**Exercise directions:** Omit any picture, and return the remaining data exactly as written.

**Input data:**
--- --- ---

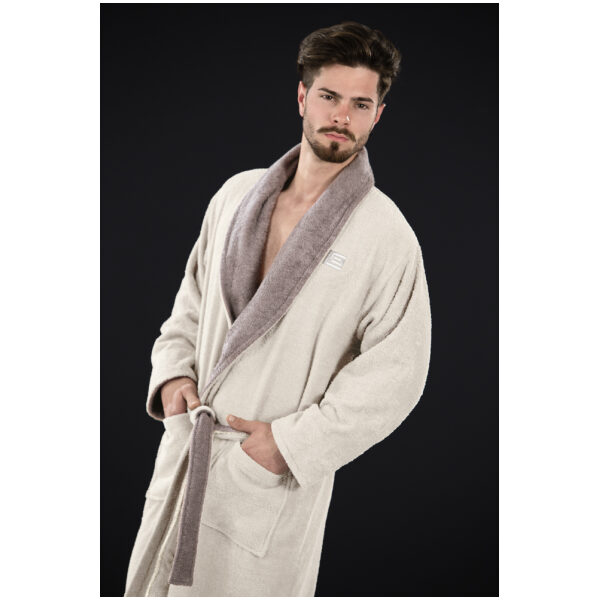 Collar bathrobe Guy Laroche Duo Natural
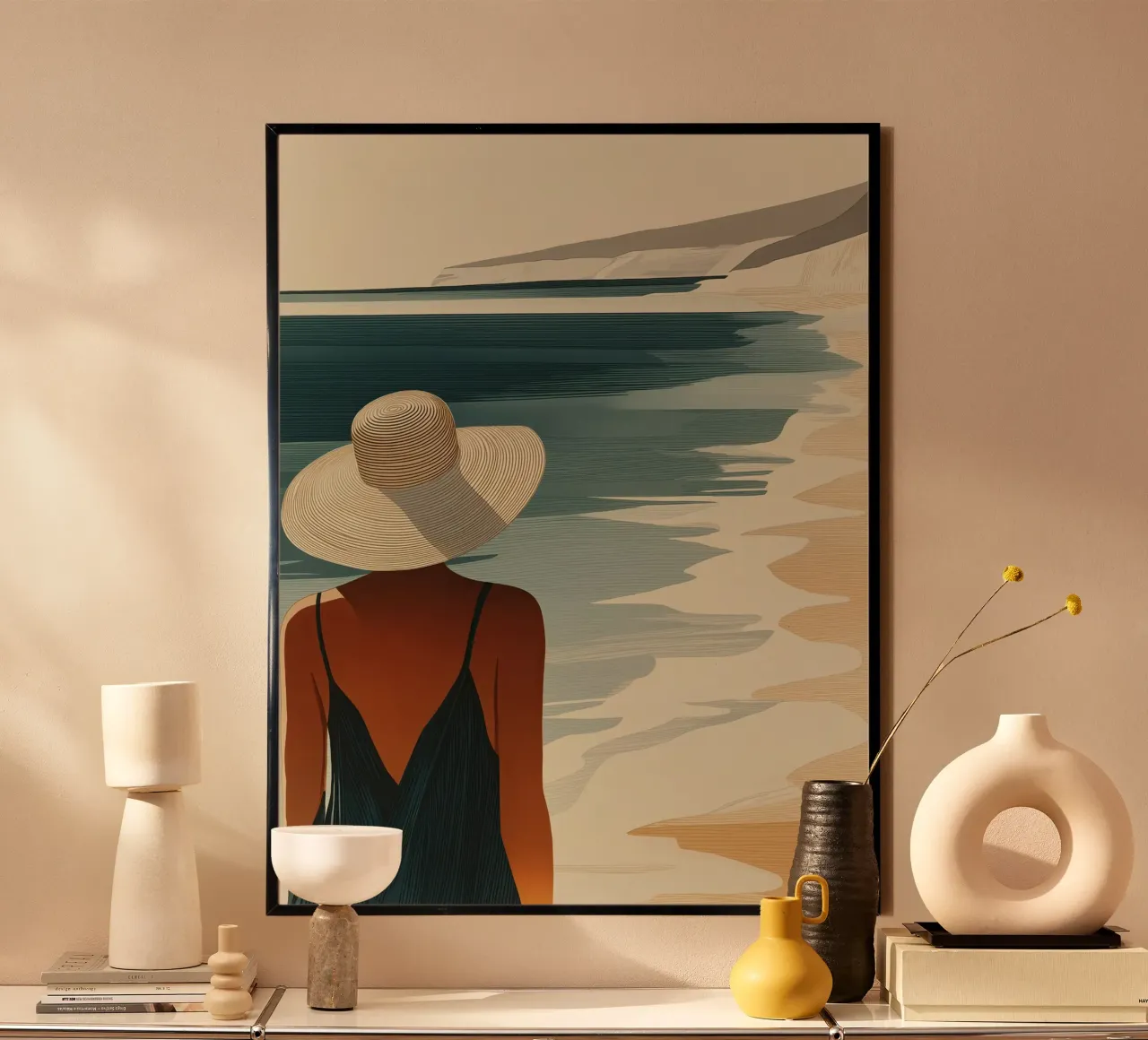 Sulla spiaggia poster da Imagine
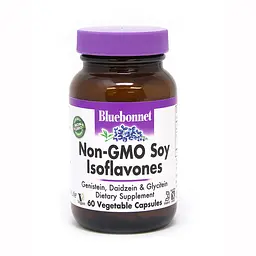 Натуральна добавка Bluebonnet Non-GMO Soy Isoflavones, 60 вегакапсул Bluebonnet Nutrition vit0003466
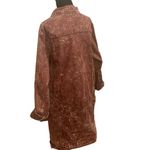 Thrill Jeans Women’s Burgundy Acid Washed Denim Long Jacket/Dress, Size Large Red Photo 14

--- --- ---

**Output of the exercise:**
 Collar bathrobe Guy Laroche Duo Natural
 Sulla spiaggia poster da Imagine
 Натуральна добавка Bluebonnet Non-GMO Soy Isoflavones, 60 вегакапсул Bluebonnet Nutrition vit0003466
 Thrill Jeans Women’s Burgundy Acid Washed Denim Long Jacket/Dress, Size Large Red Photo 14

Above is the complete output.